Forum Moderators: phranque

Message Too Old, No Replies

/page.html and /page

gives same page, no .htaccess

         

smallcompany

6:42 pm on Jan 16, 2010 (gmt 0)

WebmasterWorld Senior Member 10+ Year Member Top Contributors Of The Month



I just found that /page shows content of page.html on some of my sites (same host).

I deleted .htaccess to ensure if that is affecting it - no change.

It's VPS, so before I go (with my limited knowledge) and start playing with main config file, I wanted to ask about what could make site behave like this if it's not .htaccess?

Thanks

lammert

7:09 pm on Jan 16, 2010 (gmt 0)

WebmasterWorld Senior Member 10+ Year Member Top Contributors Of The Month



If there is no .htaccess, it may be caused by settings in the global httpd.conf. This kind of behavior is caused by content negotiation. You will probably find the line Options MultiViews somewhere in the httpd.conf.

smallcompany

10:34 pm on Jan 16, 2010 (gmt 0)

WebmasterWorld Senior Member 10+ Year Member Top Contributors Of The Month



Just checked, and found two sections that had MultiViews in config file:

Options FollowSymLinks MultiViews Includes
AddHandler cgi-script .cgi .pl .py .sh

and

Alias /icons/ "/var/www/icons/"
<Directory "/var/www/icons">
Options Indexes MultiViews
AllowOverride None
Order allow,deny
Allow from all
</Directory>

I couldn't figure how would any of the two above affect /page to show content from /page.html

...but then... I saw this:

# DirectoryIndex: sets the file that Apache will serve if a directory
# is requested.
#
# The index.html.var file (a type-map) is used to deliver content-
# negotiated documents. The MultiViews Option can be used for the
# same purpose, but it is much slower.
#
DirectoryIndex index.html index.htm index.shtml index.php index.php4 index.php3 index.phtml index.cgi index.asp default.asp index.mv default.htm index.pl index.py index.cf

Ta naaaa... I thought this was it, but then figured this would be for folders only, exclusive to index file names.

So what is it then?

Finally, the only worry I do have about this is duplicated content.
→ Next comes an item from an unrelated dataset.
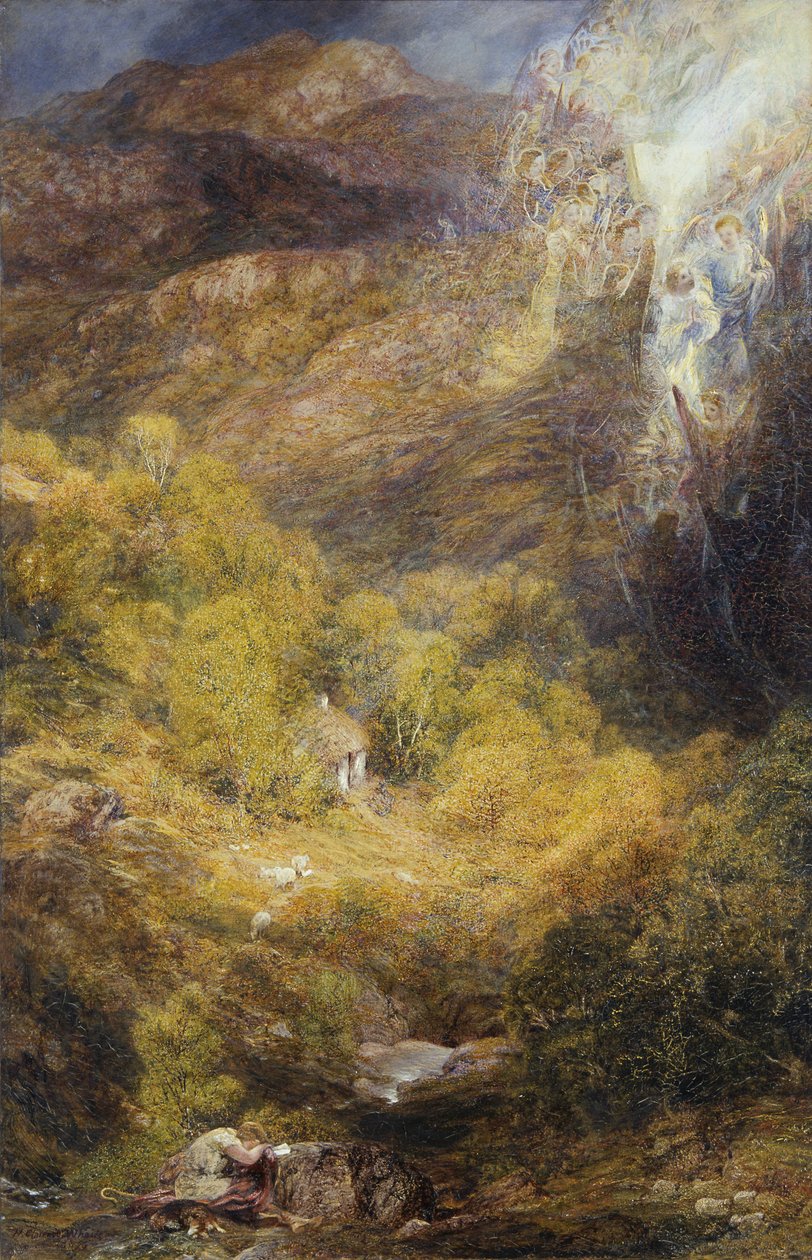 A bűnbánó látomása: A pásztor álma alkotó: Henry Clarence Whaite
I even have a redirect that says:

RewriteRule ^page$ http://www.example.com/page.html [R=301,L]

and yet I still end up with http://www.example.com/page if I enter it into the browser.

:s

encyclo

11:18 pm on Jan 16, 2010 (gmt 0)

WebmasterWorld Senior Member 10+ Year Member



It's this one:

Options FollowSymLinks [b][i]MultiViews[/i][/b] Includes

Remove the bold part :)

(See [httpd.apache.org...] for an explanation)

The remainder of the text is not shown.